# Task prompt
Write out the lines of the material below exactly, beginning at the line with "Beats rose gold solo" and stopping after the line with "3-этажный коттедж 970 м² без отделки", and leave out the pictures.

# Source records
****************************************
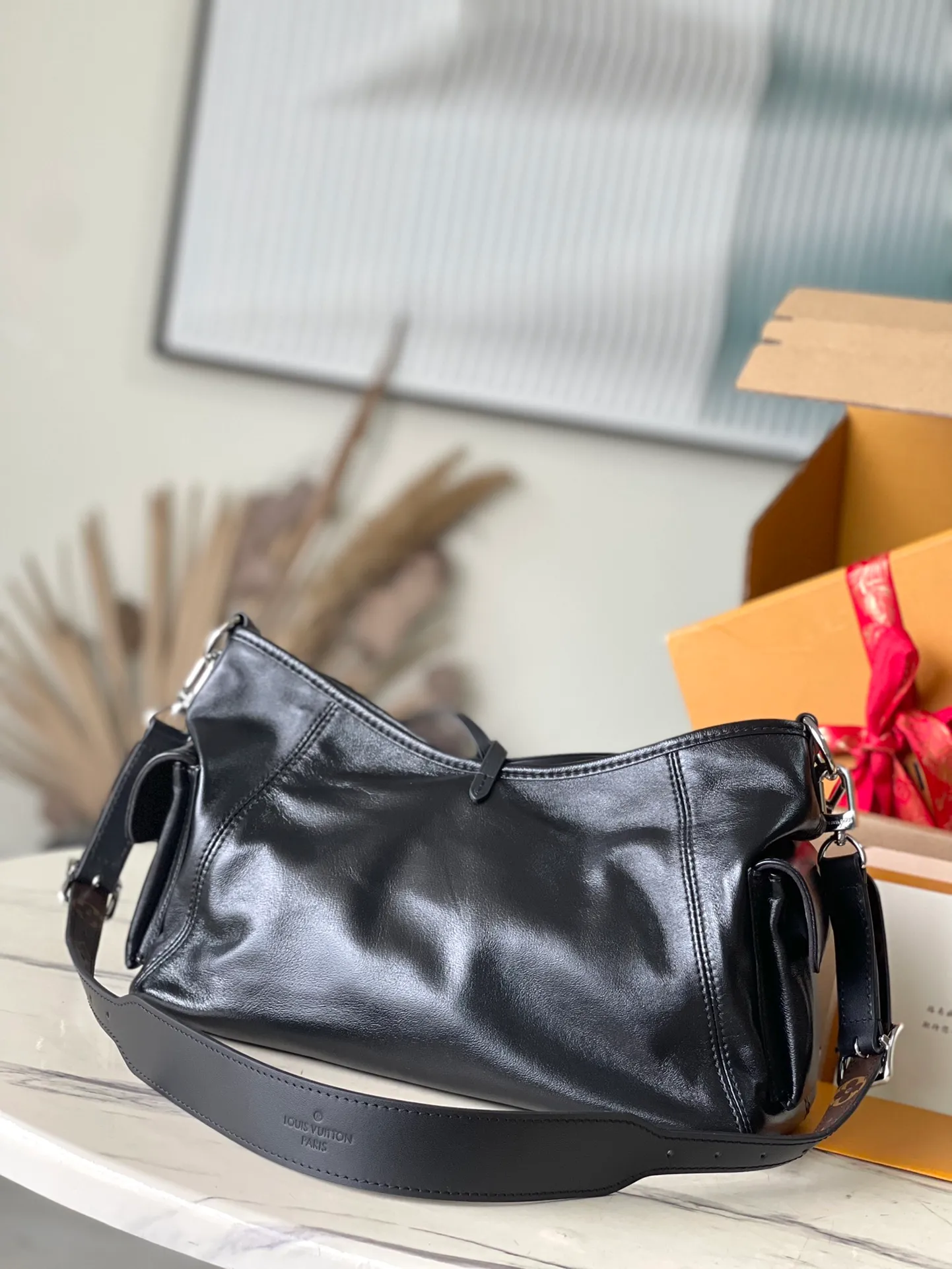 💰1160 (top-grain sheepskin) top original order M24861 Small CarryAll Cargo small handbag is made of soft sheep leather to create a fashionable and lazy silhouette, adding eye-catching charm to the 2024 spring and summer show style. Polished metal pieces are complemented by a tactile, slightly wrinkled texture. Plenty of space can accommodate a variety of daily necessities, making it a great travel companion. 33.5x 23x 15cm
****************************************
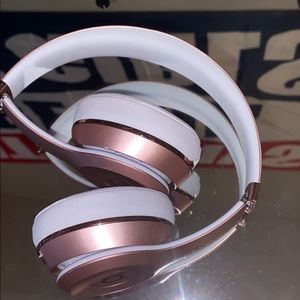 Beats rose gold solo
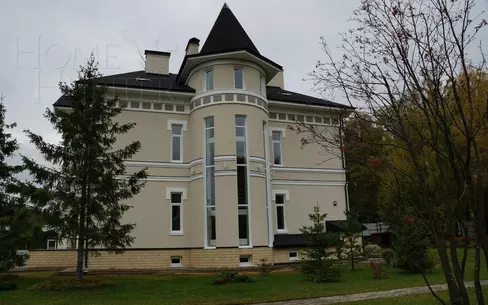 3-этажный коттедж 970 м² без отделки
****************************************
# Result of the exercise
 Beats rose gold solo
 3-этажный коттедж 970 м² без отделки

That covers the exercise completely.